[PATCH v2 2/2] perf trace: Rewrite BPF code to pass the verifier

From: Howard Chu
Date: Thu Oct 10 2024 - 22:18:15 EST


Rewrite the code to add more memory bound checking in order to pass the
BPF verifier, no logic is changed.

This rewrite is centered around two main ideas:

- Always use a variable instead of an expression in if block's condition,
so BPF verifier keeps track of the correct register.
- Delay the check as late as possible, just before the BPF function
call.

Things that can be done better still:

- Instead of allowing a theoretical maximum of a 6-argument augmentation
payload, reduce the payload to a smaller fixed size.

Signed-off-by: Howard Chu <howardchu95@xxxxxxxxx>
---
.../bpf_skel/augmented_raw_syscalls.bpf.c | 122 ++++++++++--------
1 file changed, 67 insertions(+), 55 deletions(-)
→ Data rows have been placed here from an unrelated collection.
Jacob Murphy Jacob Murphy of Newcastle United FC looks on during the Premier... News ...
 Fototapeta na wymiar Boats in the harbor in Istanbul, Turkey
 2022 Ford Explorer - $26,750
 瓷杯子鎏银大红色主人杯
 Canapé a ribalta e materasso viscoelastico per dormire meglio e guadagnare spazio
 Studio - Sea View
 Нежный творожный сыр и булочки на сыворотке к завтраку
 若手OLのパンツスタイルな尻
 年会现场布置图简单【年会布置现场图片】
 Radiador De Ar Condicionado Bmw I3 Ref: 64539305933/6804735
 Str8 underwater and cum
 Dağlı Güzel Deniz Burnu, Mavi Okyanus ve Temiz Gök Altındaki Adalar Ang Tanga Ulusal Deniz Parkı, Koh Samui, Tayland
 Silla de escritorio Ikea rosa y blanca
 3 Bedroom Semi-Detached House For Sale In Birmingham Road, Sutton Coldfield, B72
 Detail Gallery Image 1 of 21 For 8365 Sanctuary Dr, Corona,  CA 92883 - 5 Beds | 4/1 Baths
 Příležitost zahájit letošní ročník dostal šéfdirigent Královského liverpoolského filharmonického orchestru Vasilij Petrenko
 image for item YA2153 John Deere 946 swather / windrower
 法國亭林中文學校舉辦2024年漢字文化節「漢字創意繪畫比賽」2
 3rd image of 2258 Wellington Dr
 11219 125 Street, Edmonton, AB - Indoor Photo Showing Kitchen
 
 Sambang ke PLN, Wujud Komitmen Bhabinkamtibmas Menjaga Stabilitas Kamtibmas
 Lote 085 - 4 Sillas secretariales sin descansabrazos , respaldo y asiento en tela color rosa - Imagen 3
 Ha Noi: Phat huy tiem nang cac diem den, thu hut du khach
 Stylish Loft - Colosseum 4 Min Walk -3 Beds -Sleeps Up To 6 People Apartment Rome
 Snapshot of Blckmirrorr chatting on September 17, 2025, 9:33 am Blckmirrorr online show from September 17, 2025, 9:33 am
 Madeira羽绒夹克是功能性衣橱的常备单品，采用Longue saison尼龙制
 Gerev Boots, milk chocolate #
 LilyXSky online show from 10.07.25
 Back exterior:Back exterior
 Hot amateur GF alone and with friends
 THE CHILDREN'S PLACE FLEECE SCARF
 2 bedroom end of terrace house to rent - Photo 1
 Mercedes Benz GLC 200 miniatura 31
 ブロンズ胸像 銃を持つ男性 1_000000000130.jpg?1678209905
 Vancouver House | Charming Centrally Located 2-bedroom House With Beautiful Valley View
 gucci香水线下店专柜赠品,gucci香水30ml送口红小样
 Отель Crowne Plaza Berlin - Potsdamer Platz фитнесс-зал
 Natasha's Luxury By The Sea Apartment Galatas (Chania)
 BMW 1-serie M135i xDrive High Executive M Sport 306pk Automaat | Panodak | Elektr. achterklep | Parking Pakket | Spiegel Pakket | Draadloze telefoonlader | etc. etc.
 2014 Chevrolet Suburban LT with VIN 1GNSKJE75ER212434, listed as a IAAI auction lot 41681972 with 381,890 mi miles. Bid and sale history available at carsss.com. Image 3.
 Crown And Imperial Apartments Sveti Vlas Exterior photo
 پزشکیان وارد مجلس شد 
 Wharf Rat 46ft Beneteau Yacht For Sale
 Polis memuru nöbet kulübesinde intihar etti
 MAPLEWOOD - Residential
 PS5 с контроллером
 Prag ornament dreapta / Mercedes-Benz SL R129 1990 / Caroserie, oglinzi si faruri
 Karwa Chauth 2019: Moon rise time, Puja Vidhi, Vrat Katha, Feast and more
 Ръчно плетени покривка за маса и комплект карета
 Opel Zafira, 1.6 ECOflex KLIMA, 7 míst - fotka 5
diff --git a/tools/perf/util/bpf_skel/augmented_raw_syscalls.bpf.c b/tools/perf/util/bpf_skel/augmented_raw_syscalls.bpf.c
index b2f17cca014b..9ae459faac4b 100644
--- a/tools/perf/util/bpf_skel/augmented_raw_syscalls.bpf.c
+++ b/tools/perf/util/bpf_skel/augmented_raw_syscalls.bpf.c
@@ -157,9 +157,9 @@ static inline int augmented__output(void *ctx, struct augmented_args_payload *ar
return bpf_perf_event_output(ctx, &__augmented_syscalls__, BPF_F_CURRENT_CPU, args, len);
}

-static inline int augmented__beauty_output(void *ctx, void *data, int len)
+static inline int augmented__beauty_output(void *ctx, struct beauty_payload_enter *args, int len)
{
- return bpf_perf_event_output(ctx, &__augmented_syscalls__, BPF_F_CURRENT_CPU, data, len);
+ return bpf_perf_event_output(ctx, &__augmented_syscalls__, BPF_F_CURRENT_CPU, args, len);
}

static inline
@@ -277,25 +277,31 @@ int sys_enter_rename(struct syscall_enter_args *args)
struct augmented_args_payload *augmented_args = augmented_args_payload();
const void *oldpath_arg = (const void *)args->args[0],
*newpath_arg = (const void *)args->args[1];
- unsigned int len = sizeof(augmented_args->args), oldpath_len, newpath_len;
+ unsigned int len = sizeof(augmented_args->args), oldpath_len, newpath_len, aligned_size;

if (augmented_args == NULL)
- return 1; /* Failure: don't filter */
+ goto failure;

len += 2 * sizeof(u64); // The overhead of size and err, just before the payload...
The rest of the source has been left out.